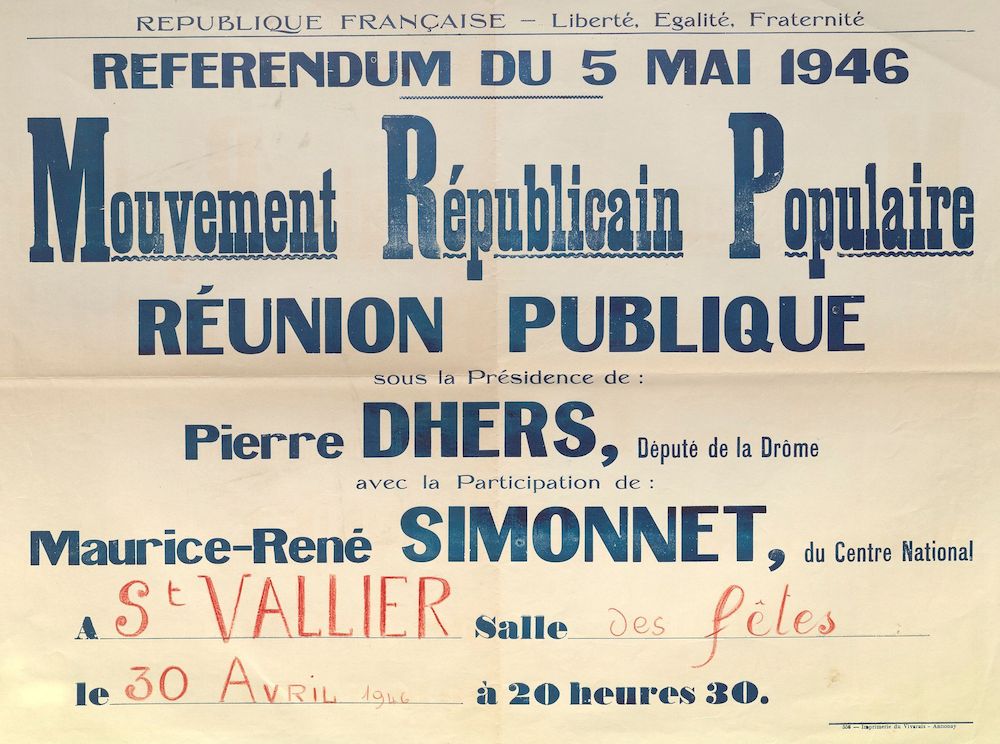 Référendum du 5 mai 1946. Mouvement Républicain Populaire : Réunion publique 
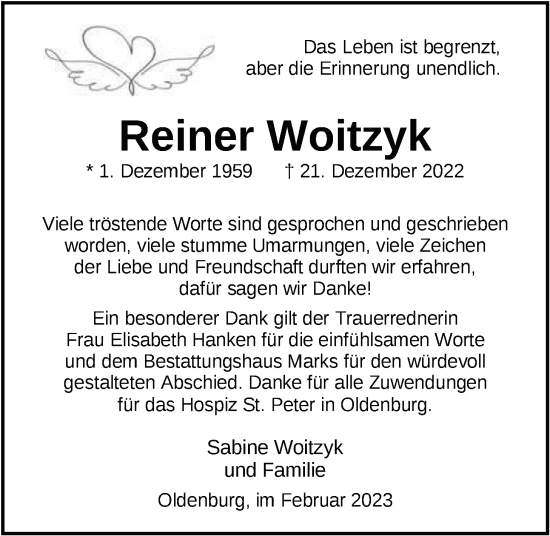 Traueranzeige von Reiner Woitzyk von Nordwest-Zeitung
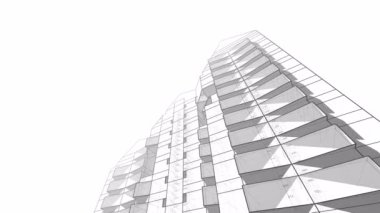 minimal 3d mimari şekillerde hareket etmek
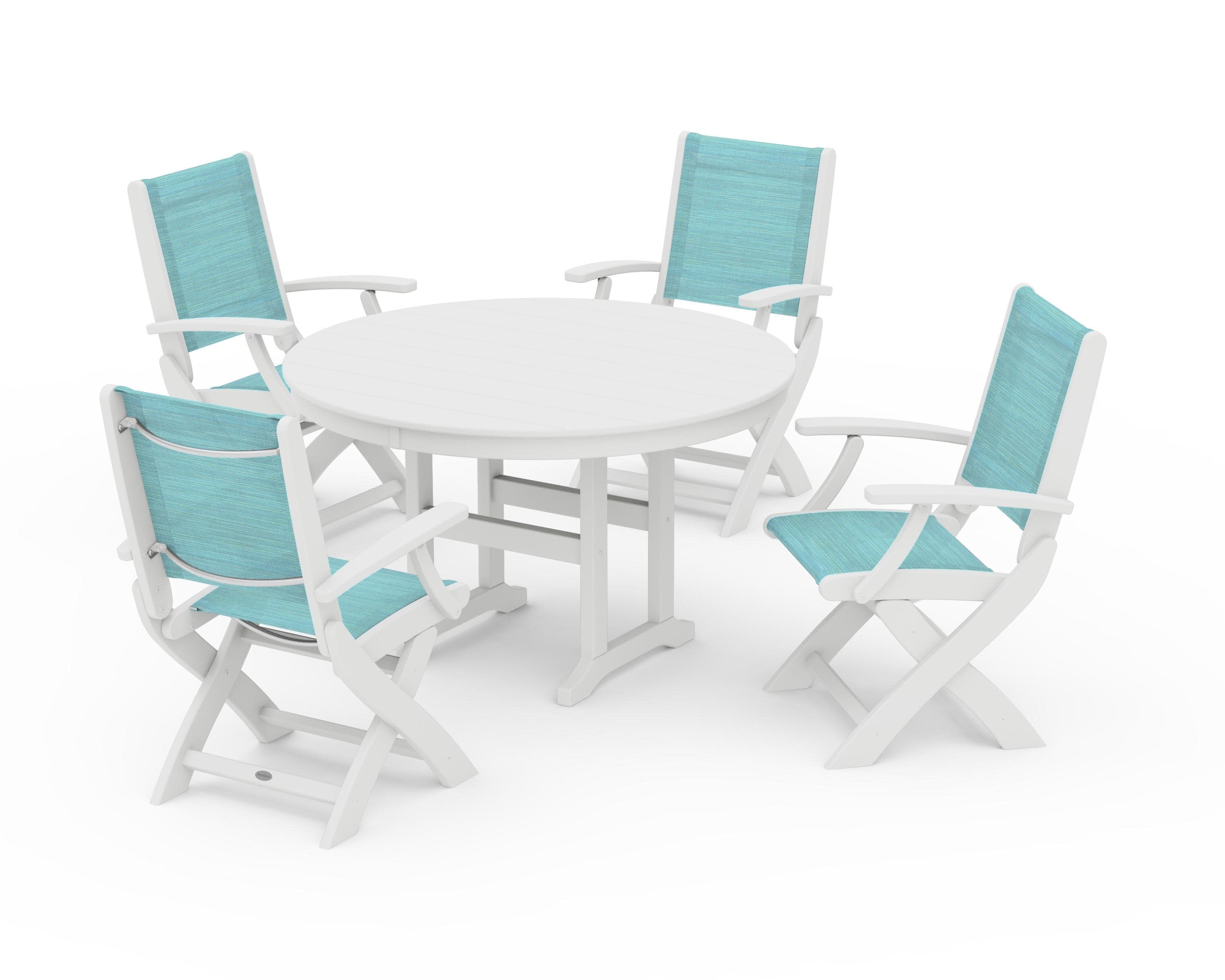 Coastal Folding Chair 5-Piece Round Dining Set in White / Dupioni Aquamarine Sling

**Aim of the exercise:** Exactly as given, set down each line of the material, but include no pictures.

**Written reply:**
 Référendum du 5 mai 1946. Mouvement Républicain Populaire : Réunion publique 
 Traueranzeige von Reiner Woitzyk von Nordwest-Zeitung
 minimal 3d mimari şekillerde hareket etmek
 Coastal Folding Chair 5-Piece Round Dining Set in White / Dupioni Aquamarine Sling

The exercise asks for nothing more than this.